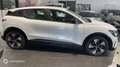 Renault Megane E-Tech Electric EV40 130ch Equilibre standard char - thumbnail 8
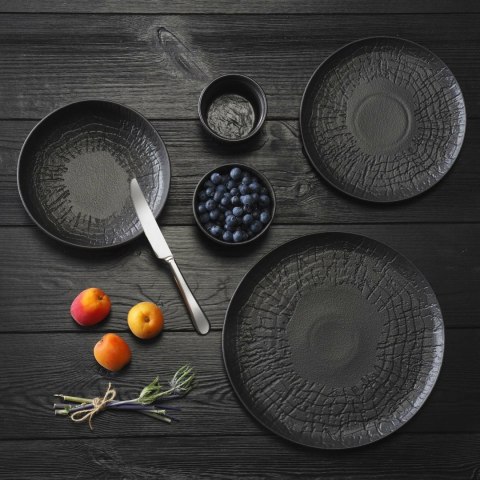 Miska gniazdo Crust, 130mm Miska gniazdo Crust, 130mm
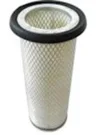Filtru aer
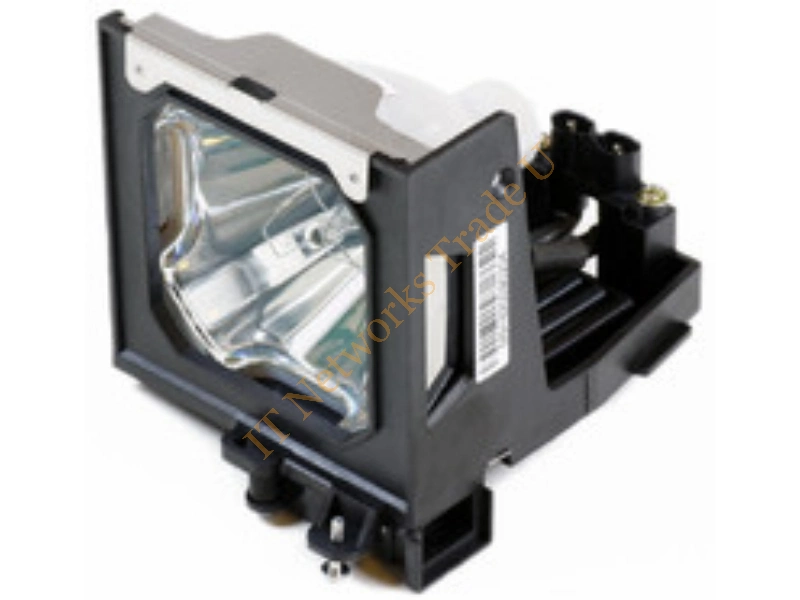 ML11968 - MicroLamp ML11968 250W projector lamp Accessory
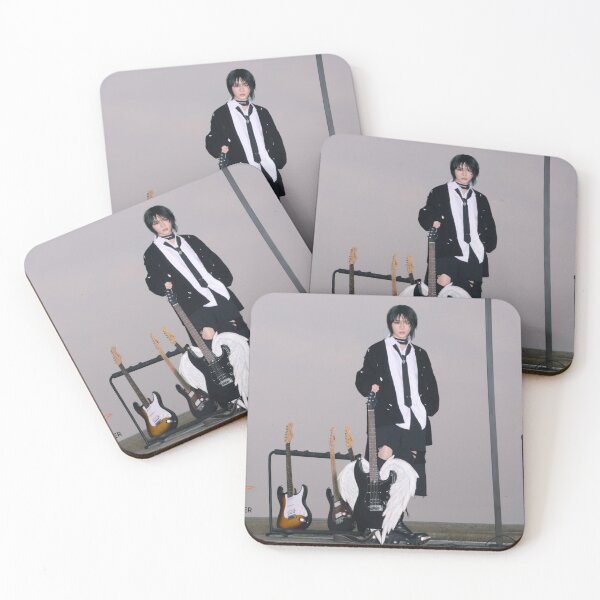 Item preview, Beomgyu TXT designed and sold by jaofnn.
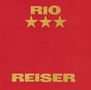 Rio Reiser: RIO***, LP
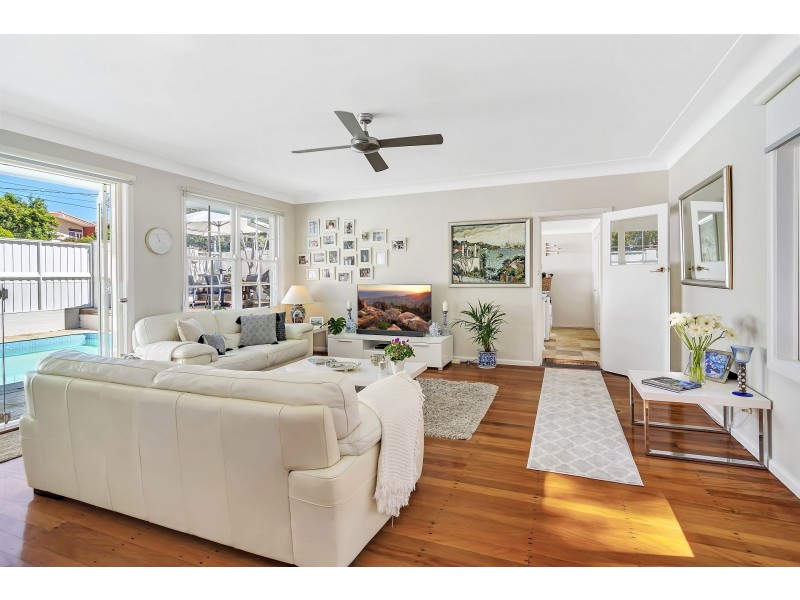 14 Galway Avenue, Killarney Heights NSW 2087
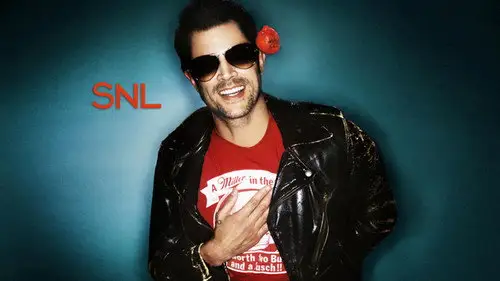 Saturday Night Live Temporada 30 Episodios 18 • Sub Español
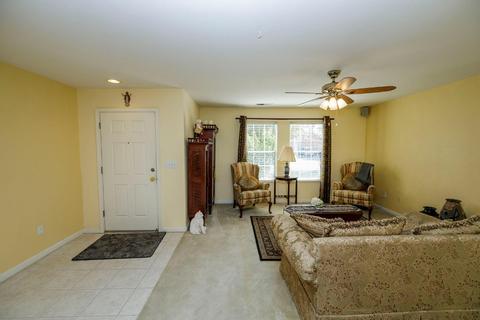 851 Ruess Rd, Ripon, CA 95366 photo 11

## DIRECTIONS FOR THIS TASK
Everything from the line containing "14 Galway Avenue, Killarney Heights NSW 2087" to the last line of the listing above must be reproduced exactly, with no pictures included.

## ANSWER
 14 Galway Avenue, Killarney Heights NSW 2087
 Saturday Night Live Temporada 30 Episodios 18 • Sub Español
 851 Ruess Rd, Ripon, CA 95366 photo 11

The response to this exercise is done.